### Aim of the exercise
Keep images out and repeat all data exactly.

### Source data
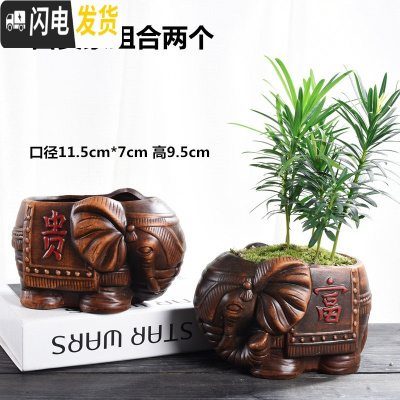 三维工匠花盆陶瓷大号创意个性绿萝肉肉简约吊兰家用小多肉花盆载 富贵象组合两个 中等花盆容器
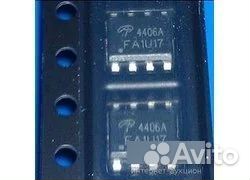 Микросхема AO4406A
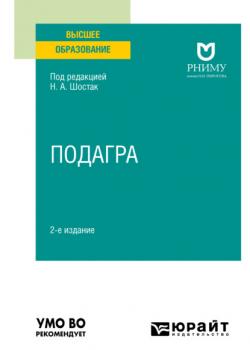 Подагра 2-е изд. Учебное пособие для вузов - Надежда Александровна Шостак - скачать бесплатно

### Result below
 三维工匠花盆陶瓷大号创意个性绿萝肉肉简约吊兰家用小多肉花盆载 富贵象组合两个 中等花盆容器
 Микросхема AO4406A
 Подагра 2-е изд. Учебное пособие для вузов - Надежда Александровна Шостак - скачать бесплатно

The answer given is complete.